Dealing with Depression
Beat the Blues
Many people don't know that depression is a chemical imbalance and that most of us will have symptoms at some point in our lives. But the good news is that it's very treatable.
Depression can range from a minor problem to a major, life-threatening illness. When dealing with depression, success is defined as catching it early and treating it before it negatively impacts you. You can control depression and not allow it to take over your life.
Your first weapon against depression is regular physical activity. It increases endorphins made in your brain, which are the same chemicals that cause "runner's high." Next is understanding depression triggers, symptoms, treatments, asking for help, and taking action.

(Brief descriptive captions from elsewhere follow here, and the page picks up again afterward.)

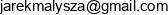 Jaroslaw Malysza It Adres e-mail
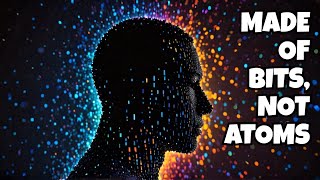 What If We’re Made of Bits, Not Atoms?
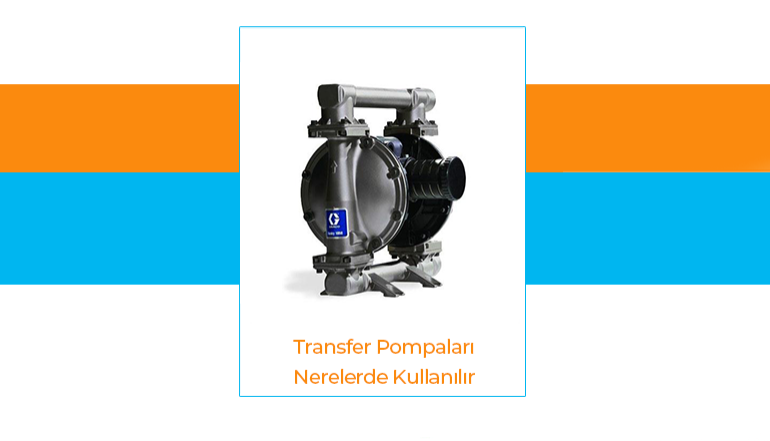 Transfer Pompalar Nerelerde Kullanlr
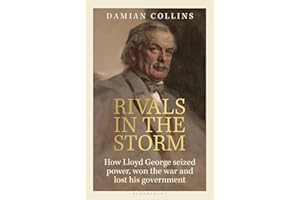 Rivals in the Storm: How Lloyd George Seized Power, Won the War and Lost his Government - Recommended by Rory Stewart on The 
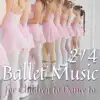 Stream & download 2/4 Ballet Music for Children to Dance to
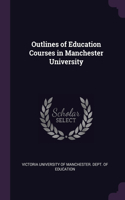 Outlines of Education Courses in Manchester University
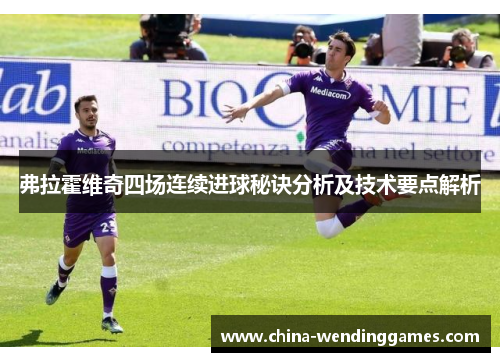 弗拉霍维奇四场连续进球秘诀分析及技术要点解析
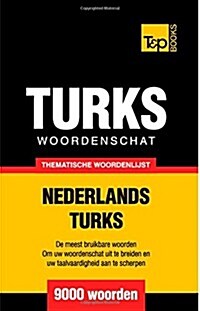 Thematische Woordenschat Nederlands-Turks - 9000 Woorden (Paperback)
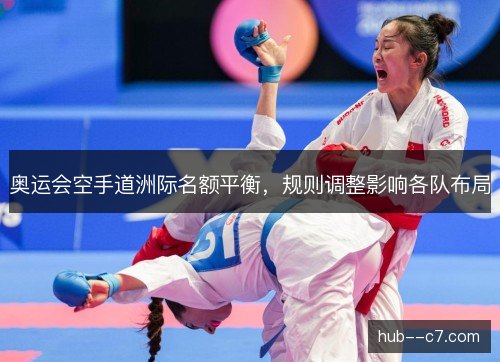 奥运会空手道洲际名额平衡,规则调整影响各队布局 奥运会空手道洲际名额平衡,规则调整影响各队布局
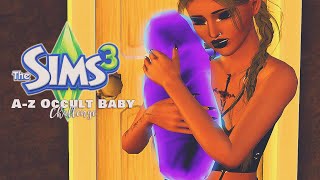 IT HAPPENED!!//A-Z OCCULT BABY CHALLENGE//THE SIMS 3 #5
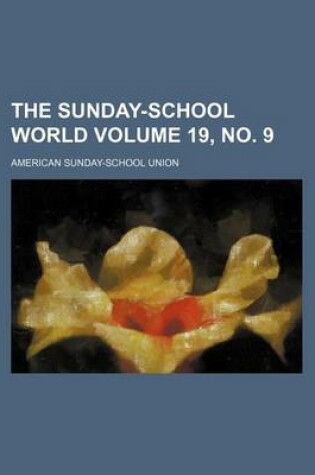 Cover of The Sunday-School World Volume 19, No. 9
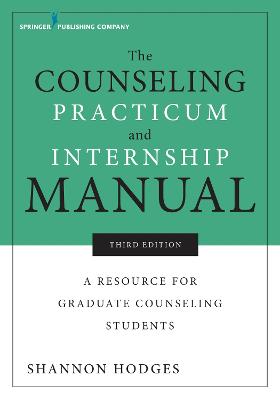 Counseling Practicum and Internship Manual, The: A Resource for Graduate Counseling Students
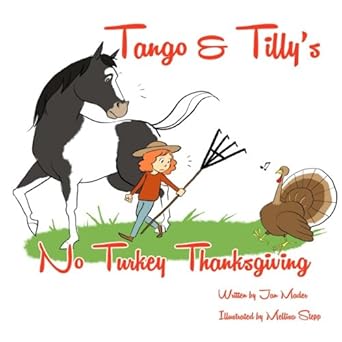 tango and tillys no turkey thanksgiving 1st edition jan mader ,mellisa stepp 069229614x, 978-0692296141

Many things can provoke the onset of depression:
- Stressful events, either now or in your past
- A genetic or hereditary predisposition
- Alcohol or drug use
- Health problems, especially those causing chronic pain or disability
- A major health event, like surgery
Depression presents itself in a number of ways. If you experience these symptoms for more than two weeks, seek help:
- Feeling sad, blue, hopeless, down, or irritable
- Low self-esteem, negative thoughts, and trouble concentrating
- Less energy and decreased interest in usual activities
- More physical pain like stomach trouble, headaches, and backaches
- A self-care program includes things like planning activities you enjoy with friends, breaking problems into manageable pieces, achieving small goals, and writing everything down.
- Counseling is useful for mild to moderate depression, and cognitive behavioral and problem-solving therapies work best.
- Antidepressant medications work by rebalancing the brain's chemistry
Regardless of the treatment plan you work out with your doctor, stick with the program and ask for help if you need it.